The team’s discovery marks the first time such filamentary structures have been seen in an ornithischian dinosaur, a find with big evolutionary implications. You and his colleagues suggest that such filaments evolved in a dinosaur that was a common ancestor for both ornithischians and saurischians and lived about 220 million years ago.

“Finding a Chinese dinosaur with feathers is not remarkable, but finding one on the wrong side of the dinosaur family tree is,” says Lawrence Witmer, a vertebrate paleontologist at Ohio University in Athens. “This is a surprise,” he adds.

It’s also possible that structures like Tianyulong’s filaments — which aren’t actually feathers but resemble what some paleontologists have proposed are an early stage in feather evolution (SN: 8/18/01, p. 106) — evolved several times in different dinosaur lineages, says Witmer. In some dinosaur groups, such as theropods, the structures evolved to become complex feathers, similar to those adorning today’s birds. “Perhaps the only clear conclusion that can be drawn … is that little Tianyulong has made an already confusing picture of feather origins even fuzzier,” he notes in an accompanying commentary in the same issue of Nature.

So far, only one fossil of Tianyulong has been unearthed, You says. The remains, which are probably from a young adult because some of the bones that make up each vertebra aren’t fully fused, suggest this individual was about 70 centimeters long, including a 44-centimeter tail.

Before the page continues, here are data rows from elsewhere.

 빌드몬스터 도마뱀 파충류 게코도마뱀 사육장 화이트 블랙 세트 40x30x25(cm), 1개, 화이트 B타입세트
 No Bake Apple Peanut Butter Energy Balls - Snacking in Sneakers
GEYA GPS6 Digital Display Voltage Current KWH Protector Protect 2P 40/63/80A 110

The unusual features of Tianyulong, however, are filaments that apparently adorned three spots on the dinosaur’s body: underneath the creature’s throat, along its backbone and atop the base of its tail. All of the filaments, which were probably stiff because none are preserved in a bent position, measured about 0.4 millimeters across. The longest structures, those at the base of the creature’s tail, were about 6 centimeters long, You says.

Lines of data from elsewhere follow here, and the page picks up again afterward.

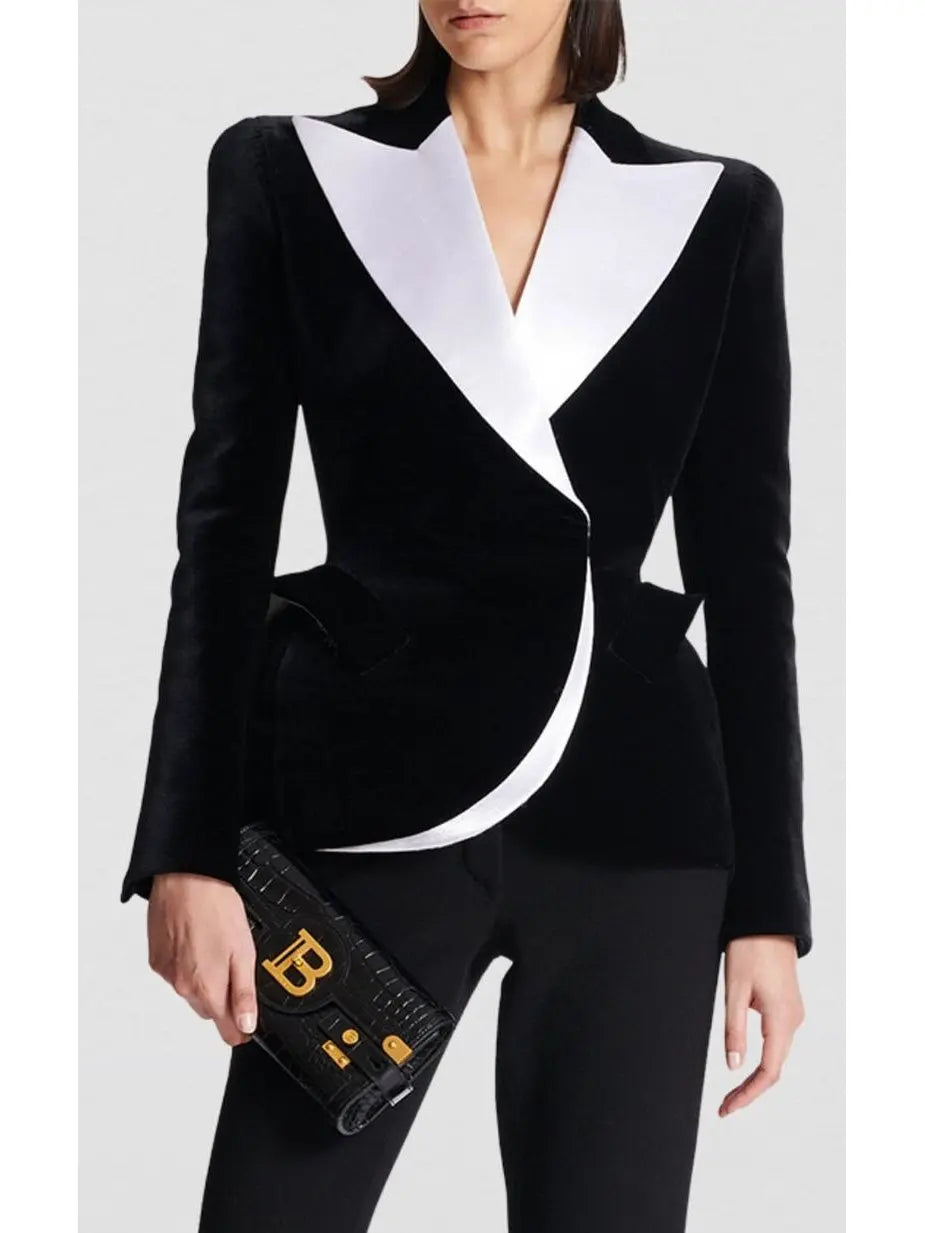 Black and White Velvet Structured Tuxedo Jacket - Jackets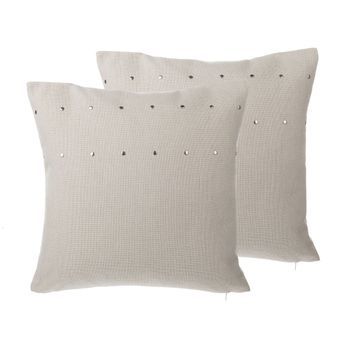 Conjunto De Cojines Decorativos De Lino Beige Tachonado 45 X 45 Cm Remaches Decoración Moderna Minimalista Gaura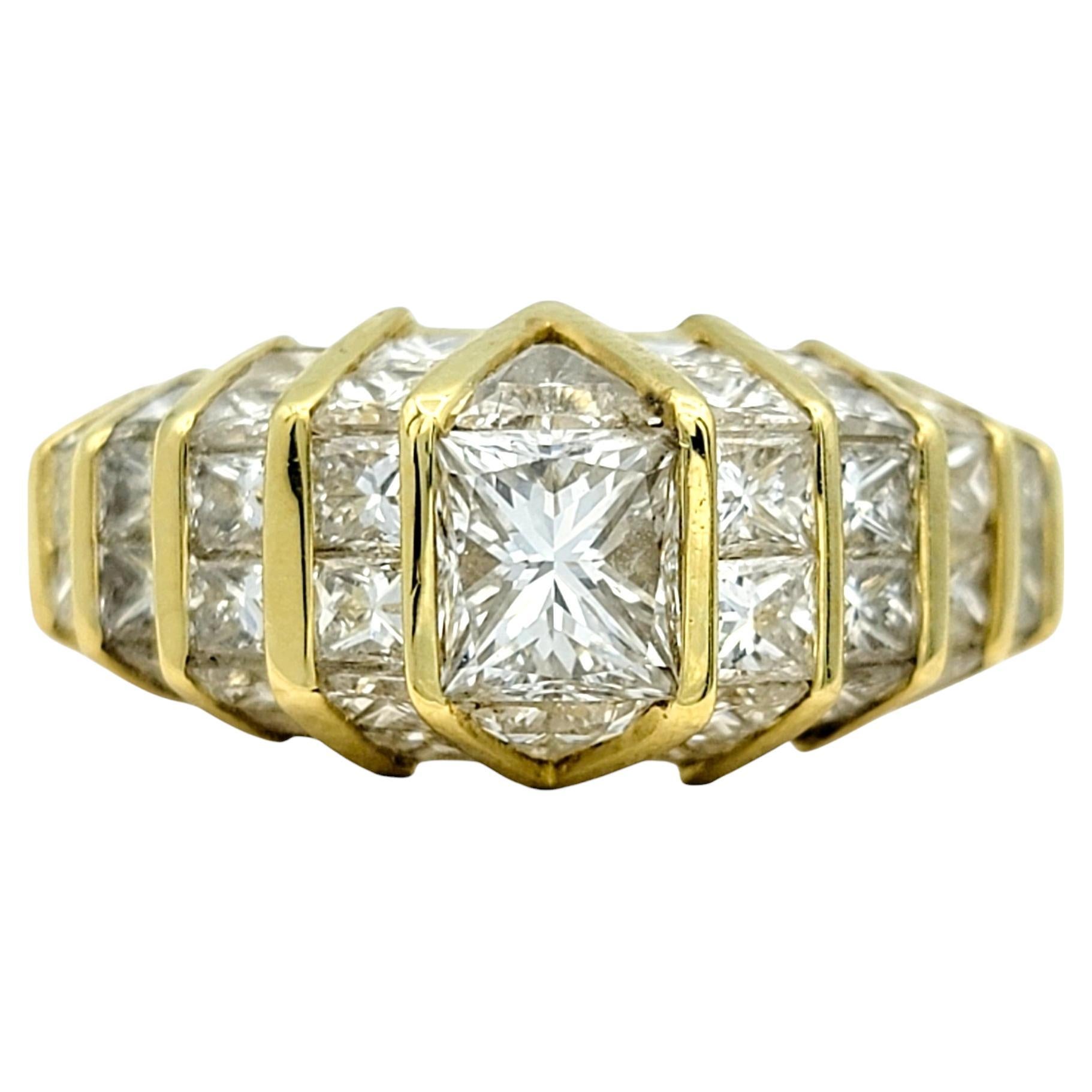 Princess Cut Diamond Graduated Geometric Domed Band Ring in 18 Karat Yellow Gold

Although some researchers have suggested that similar filaments preserved with other fossils are filaments of collagen from within the skin and not a body covering, You says the length of the filaments on the Tianyulong fossil — as well as the fact that the filaments on the back and tail project almost perpendicularly from the body — are “strong evidence” that the structures aren’t collagen.